Subject: Animation Trick


ravenfeeder ( ) posted Wed, 16 January 2002 at 7:48 PM ยท edited Fri, 20 September 2024 at 4:23 AM

I've benefitted much from tips on this forum, so maybe I can give back a little. I've been playing around with animating Poser characters and came up with a way to do something that at first seemed near impossible. Say, for example, you're trying to make a figure discard a shirt they're wearing - take it off and drop it to the floor. If it's "conformed", that may be difficult by just lowering the "y" space coordinate. That won't work on some items. But, you can "bend" the item to the front, or back, to partly remove it. Then you trick the system. At that step in the animation, you reduce the scale of that discarded item to "0" and it disappears. Lock in the zero with the "break spline" command so it won't reappear. Then introduce a second item identical to the first, but NOT CONFORMED, at the location the other went to zero, and move the second to the floor (or whereever) with animation. Alternately, instead of setting scale to "0", you can drop it on one animation step to a "y" value far below the scene and lock that setting in. I know some of you experts probably figured this out a long time ago, but maybe somebody new (like me) hasn't, so - for what it's worth - good animating.


skee ( ) posted Wed, 16 January 2002 at 8:53 PM

Great tip....Thanks . skee

NOTE: No trees were killed in the sending of this message, but a large
number of electrons were terribly inconvenienced.


skee ( ) posted Wed, 16 January 2002 at 8:53 PM

Great tip....Thanks . skee

NOTE: No trees were killed in the sending of this message, but a large
number of electrons were terribly inconvenienced.


farang ( ) posted Wed, 16 January 2002 at 10:39 PM

Or another way of doing it is if you have Propack where you can animate the materials and make the first shirt totally transparent. Or have two shirts in the same pose with only one conformed and making different groups of one invisible and groups of the other visible throughout the animation. Any way you do it its going to take some patience but thanks for the inspiration.


ravenfeeder ( ) posted Thu, 17 January 2002 at 8:07 AM

Yeah, it had occurred to me that you could make the object invisible, but I hadn't gotten around to trying that yet. Thanks for the comment.


doozy ( ) posted Thu, 17 January 2002 at 12:06 PM

Sometimes I move an object far away (say below the floor) when I don't want to see it anymore in the animation. Sometimes I render an animation in two (or more) parts, changing things in the second file.
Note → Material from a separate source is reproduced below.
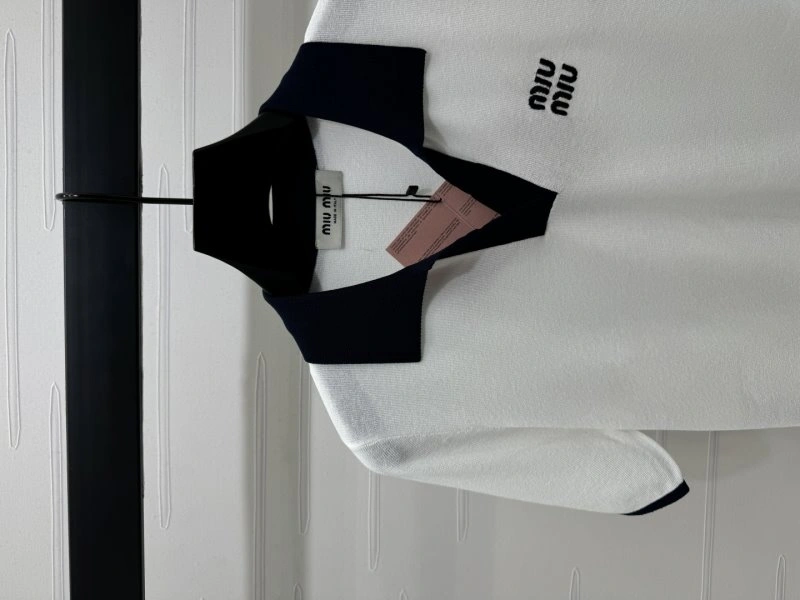 Miu Miu T-Shirts GoAnywhere 151083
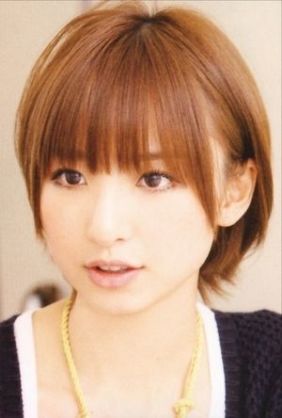 眉、手入れしてない人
I must admit I had not tried setting the size to zero.


ravenfeeder ( ) posted Thu, 17 January 2002 at 6:40 PM

doozy, you say you render an animation in two parts. Is there a way to couple two separate parts together? I haven't found that.


EdW ( ) posted Thu, 17 January 2002 at 7:08 PM

Scaling the items is by far the easiest way to do this. It works for having a figure pick up or set down an object. Ed


shadownet ( ) posted Fri, 18 January 2002 at 8:03 PM

Here is another trick along these line. Use a second figure, duplicate of the first but invisible and parent the clothing to it (visible) Match poses for both up to the point that you want the clothing to come off, than freeze the invisible figure but continue to move the clothing so that it matches up with the visible figure as it discards to the floor or whatever. You can now have your visible figure turn cartwheels butt naked it you like and the article of conforming clothing will stay put on the floor where it lays. I have also done this in conjuction with what you sort of suggested, and used the dials to hide the clothes on the visible figure and make the clothing on the invisible figure visible - such as making a pair of closed pants open, etc.


doozy ( ) posted Sat, 19 January 2002 at 8:08 PM

doozy, you say you render an animation in two parts. Is there a way to couple two separate parts together? I haven't found that.<<< I'm on Mac. Open the first animation, drag and drop the second animation in. Done. Didn't someone recently say Windows was as easy to use as a Mac?


ravenfeeder ( ) posted Sat, 19 January 2002 at 8:13 PM

I use a Mac also. Didn't know about this little trick. I'll have to give it a try. And by the way, no one will ever convince me that Windows is as easy to use as a Mac. I've worked with both.